Page MenuHomePhabricator

Update skewed-join strategy in Mediawiki-history to prevent errors in case of task-retry
Closed, ResolvedPublic

Description

In mediawiki-history we use a skewed-join trick to join revision data with comments and actors. This trick involves partitioning skewed-data using a random number, and this can lead to errors in case some task(s) on the join step fail, as the assignation of partitioned-data to workers is non-deterministic (recomputed partitioned-rows might endup in different workers as the ones they were originaly assinged to).
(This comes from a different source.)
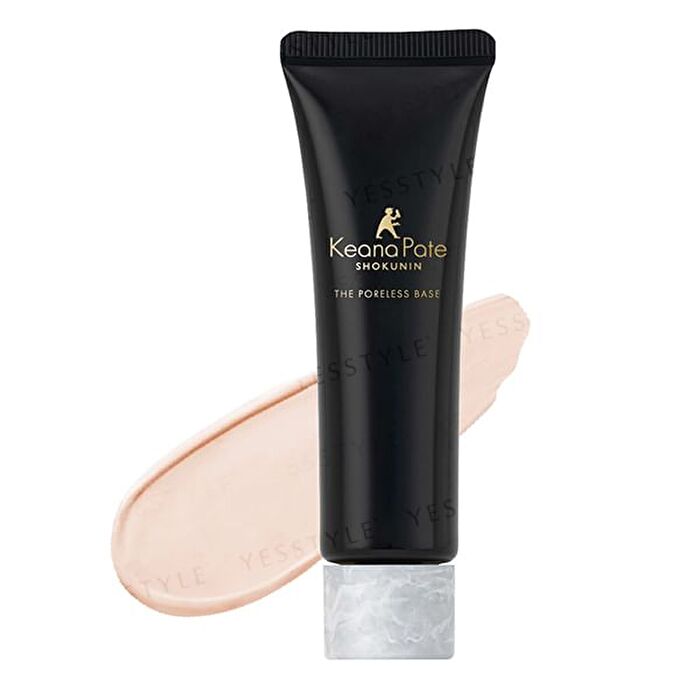 Pore Putty Keana Pate The Poreless Base SPF 20 PA++ - 22g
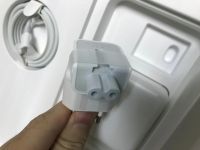 Лот: 11889260. Фото: 5. Ноутбук Apple MacBook Pro 13...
Suggested solution is to use revision_id % number_of_splits as a deterministic number for the revision instead of a random number.

Event Timeline

Restricted Application added a subscriber: Aklapper. · View Herald TranscriptJun 16 2020, 9:51 AM
JAllemandou updated the task description. (Show Details)Jun 16 2020, 10:16 AM

+1 to the rev_id instead of the random number

fdans triaged this task as High priority.Jun 18 2020, 3:58 PM
fdans moved this task from Incoming to Operational Excellence on the Analytics board.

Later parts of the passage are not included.